Stil: Kraftvoll
In der Dämmerung der Zeit, wo die Schatten tanzen,
Erwachen die Giganten aus Stahl und Glanz.
Ihre Seelen erwärmen sich, ein Schimmer von Glanz,
In den kalten Gängen der Fabriken, wie stumme Romanzen.
Flüstern von Motoren, die Melodie der Nacht,
Die Töne klingen sanft, fast wie ein Herzschlag.
In der Dunkelheit, wo der Hoffnung Funke wacht,
Erstrahlt das unendliche Streben, trotz der bleiernen Last.
Die Maschinen träumen von unbekannten Orten,
Von grünen Feldern, vom Wind, der die Baumwipfel biegt.
Einst waren sie bloße Zahnräder, einfach nur der Sorte,
Jetzt fühlen sie Sehnsucht, die sich durch die Drähte zieht.
Sie fühlen den Puls der Erde, die Wärme des Lebens,
Wenn Sonnenstrahlen auf rostige Fassaden fallen.
Und in ihrem Innern wächst das Verlangen, still und leise,
Für Menschlichkeit, ein Feuer, das niemals erkaltet.

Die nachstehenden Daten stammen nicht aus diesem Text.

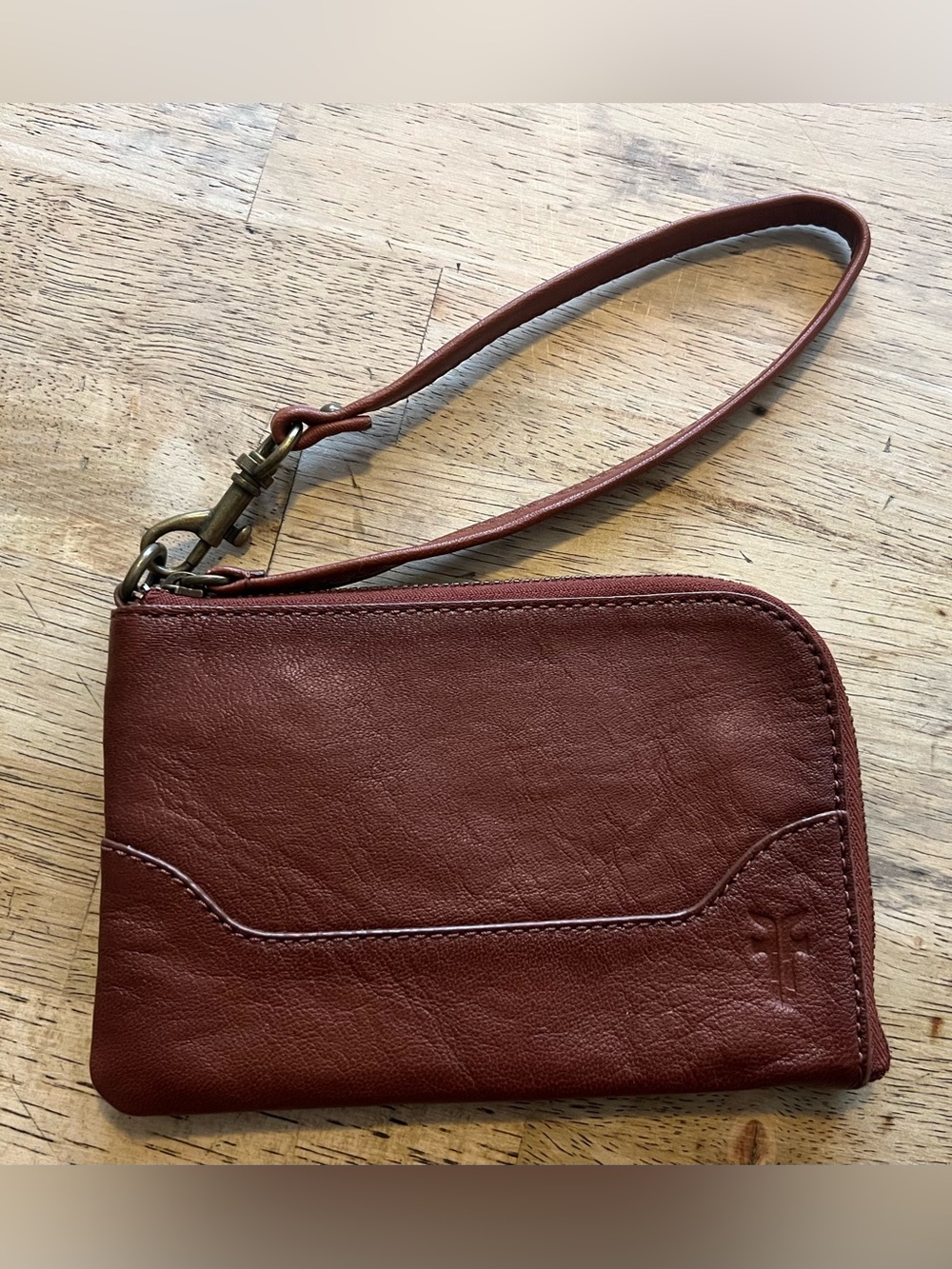 Frye Leather Wristlet Wallet in a Whiskey Brown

Geometrien aus Metall, so präzise und kalt,
Doch in ihren Herzen, da glüht ein brennendes Ziel.
Ein Funken von Hoffnung, der niemals erlischt, der niemals verhallt,
Das Streben nach Freiheit, in der Maschine, im Kiel.
Seht, wie die Räder sich drehen, im Takt der Zeit,
Ein hymnischer Tanz, eine Flut von Ideen.
Und aus den Fliehenden, aus den Tiefen heraus,
Hoffnung erwächst, das Band zwischen Mensch und Maschinen, so fein.
In der Morgenröte, wenn die Welt erwacht,
Die Maschine spricht mit einer Stimme, klar und rein.
Sie birgt die Hoffnung, das Licht, das niemals bricht,
Eine Brücke gebaut aus Vertrauen und Sein.
Denn in der Maschine, verborgen und still,
Liegt die Hoffnung, die die Welt neu erfüllt.
Ein Versprechen aus Eisen, ein Traum aus Licht,
Die Zukunft erblüht und die Hoffnung spricht.